In the enterprise, multi-architecture is the reality
Don't get stuck with an overly prescriptive vendor
In almost every large company MemVerge works with, there’s always some form of multi-architecture infrastructure:
Managed services (like AWS Batch or Google Cloud Batch) for standard containerized workloads
Traditional HPC schedulers (like Slurm) for specialized computing
Kubernetes for cloud-native and high-throughput applications
Much of this is due to people reasons.
For example, many pharmaceutical enterprises hire from academia, who are trained on SLURM prefer running SLURM on AWS Parallel Cluster over say AWS Batch.
Another example, engineers working on cloud-native services or AI model deployment favor containerization and will therefore orchestrate their workloads on Kubernetes.
Enterprise infra teams seek the best available technologies to solve their use cases — in so long as the technology meets the company’s compliance standards and integrates into the organization’s stack. What this often looks like is custom-built technology with many interfaces across many teams.
Let’s look at how bioinformatics infra has evolved as an example:
Traditionally, bioinformaticians used WDL and CWL as the dominant workflow languages. In recent years, there has been a third called Nextflow which has been heavily adopted by the younger generation of scientists and bioinformaticians due to strong open source adoption and a healthy community of professionals developing pipelines in the open (nf-core).
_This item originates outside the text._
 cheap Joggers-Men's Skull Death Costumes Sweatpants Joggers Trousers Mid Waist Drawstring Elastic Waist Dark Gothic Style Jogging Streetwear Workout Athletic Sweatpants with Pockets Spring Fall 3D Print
As a result of this recent trend, many large pharmas don’t just support one workflow language to orchestrate their bioinformatics pipelines on HPC. They also now support multiple workflow languages. These workflow languages can live in the cloud or on local HPC, further diversifying the tech stack needed for computational biology.
This can particularly challenging because:
Different technologies have different design intentions (and therefore limitations)
But teams have different technology preferences (it’s hard to teach an old dog new tricks)
For example, SLURM was never designed to do training, inference, and fine tuning, but forcing researchers and developers to reskill and learn how to use containers would threaten productivity.
Similarly, many organizations want to migrate jobs to the cloud for cost and elasticity reasons, but engineering leaders who are used to operating on-prem may view a cloud migration as expensive and difficult.
These types of qualities can make it difficult to work with vendors who only support one type of technology or are slow to create feature parity across various different parts of the infra stack (e.g. AWS Batch, SLURM, and Kubernetes).
But often this is the reality of enterprise infrastructure.
MemVerge has a customer who uses our spot surfing technology for cost savings on CPU workloads (leverage spot instances safely across their genomics workloads without losing work to interruptions).
Unlike the nextflow vendor mentioned above, we support multiple workflow languages (WDL and CWL) and multiple orchestrators (miniwdl and Cromwell in addition to Nextflow). We went to lengths to support these different languages, because we think the product mirrors the reality of the enterprise biotech and pharma customers.
With the AI boom in recent years, the same biotech customers are now expanding into GPU spot surfing which is why we’ve invested to allowing customers to checkpoint on both CPUs and GPUs.
Realizing customers want feature parity across different clouds, we built support for checkpointing ARM on both AWS Graviton and GCP. And on the GPU front, we are one of the few vendors to checkpoint both Nvidia and AMD.
In today’s environment where enterprises hate vendor lock-in and software stacks are complex, you need a partner who can act as a true platform and build tooling that’s compatible with your entire stack, not just one opinionated part of it.